Top of Data

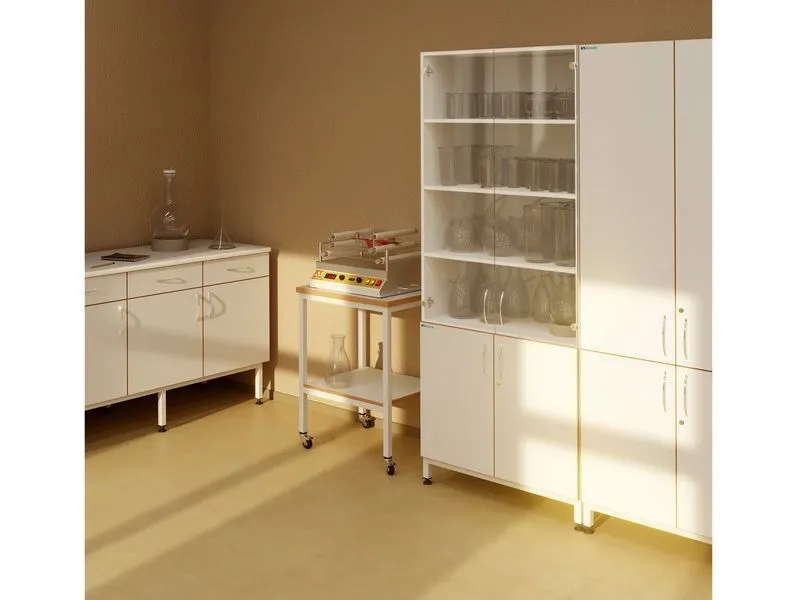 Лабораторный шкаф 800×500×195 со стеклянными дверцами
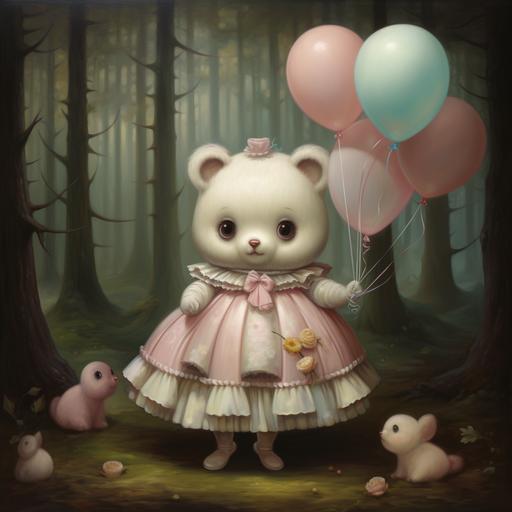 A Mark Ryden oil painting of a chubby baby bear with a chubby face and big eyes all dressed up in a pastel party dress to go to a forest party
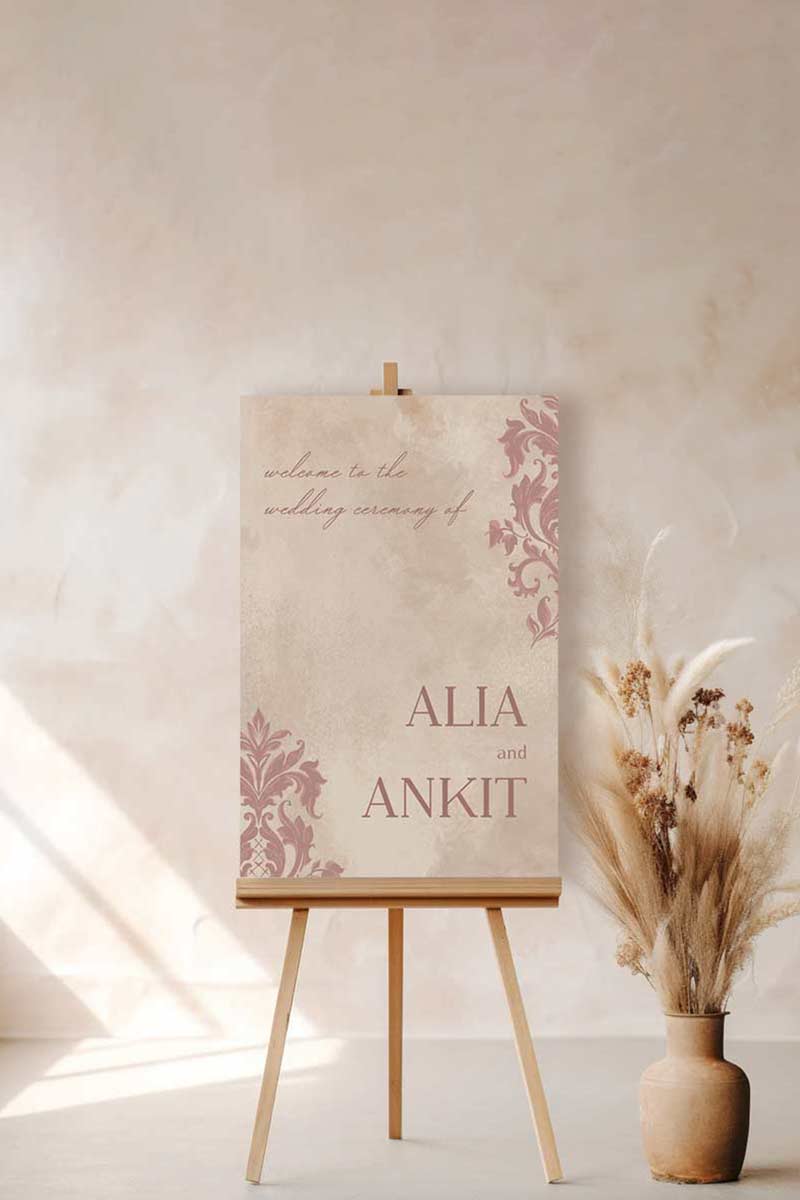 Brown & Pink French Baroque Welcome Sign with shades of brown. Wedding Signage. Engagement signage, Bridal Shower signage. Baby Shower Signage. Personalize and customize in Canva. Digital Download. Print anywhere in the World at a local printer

Bottom of Data
Top of Data

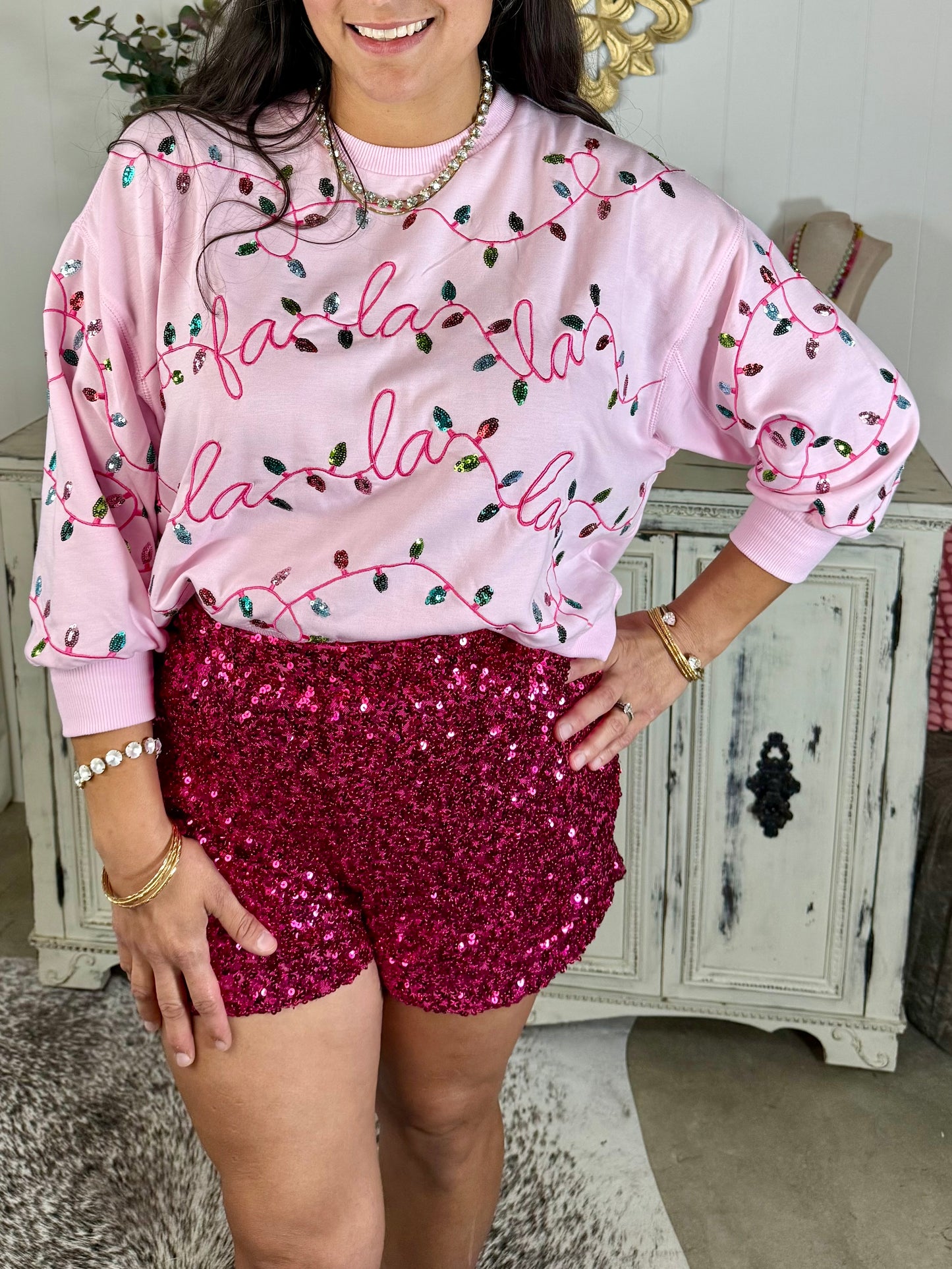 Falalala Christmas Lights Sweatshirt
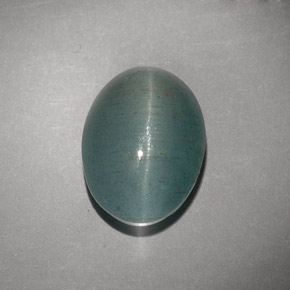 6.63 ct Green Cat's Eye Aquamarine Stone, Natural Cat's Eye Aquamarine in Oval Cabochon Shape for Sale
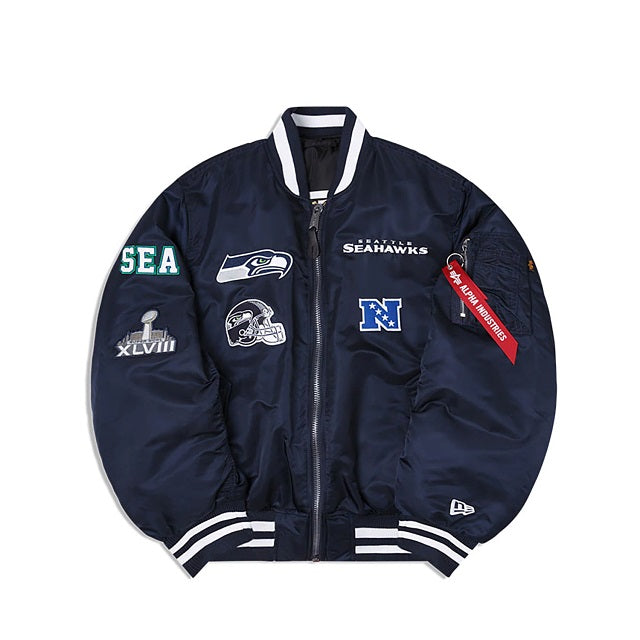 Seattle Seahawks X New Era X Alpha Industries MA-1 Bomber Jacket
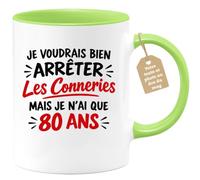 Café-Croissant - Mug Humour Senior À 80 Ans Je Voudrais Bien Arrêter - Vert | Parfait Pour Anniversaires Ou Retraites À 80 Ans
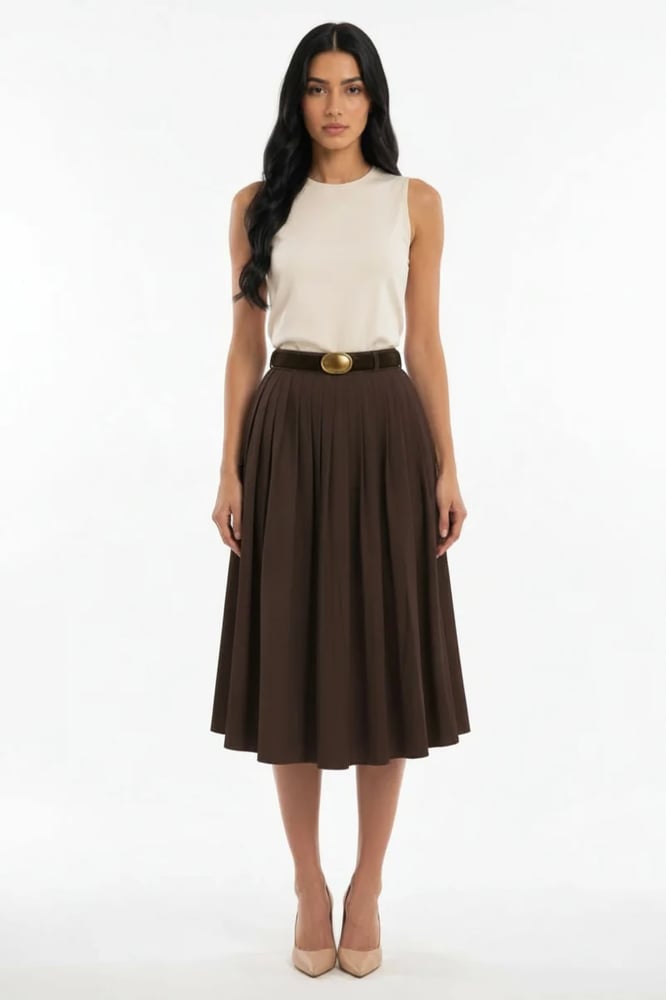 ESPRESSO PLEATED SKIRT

Bottom of Data

__Exercise objective__
Look through the listing above for the line with "Лабораторный шкаф 800×500×195" and the line with "Brown & Pink". Write out exactly those lines and everything between, leaving out pictures.

__Task result__
 Лабораторный шкаф 800×500×195 со стеклянными дверцами
 A Mark Ryden oil painting of a chubby baby bear with a chubby face and big eyes all dressed up in a pastel party dress to go to a forest party
 Brown & Pink French Baroque Welcome Sign with shades of brown. Wedding Signage. Engagement signage, Bridal Shower signage. Baby Shower Signage. Personalize and customize in Canva. Digital Download. Print anywhere in the World at a local printer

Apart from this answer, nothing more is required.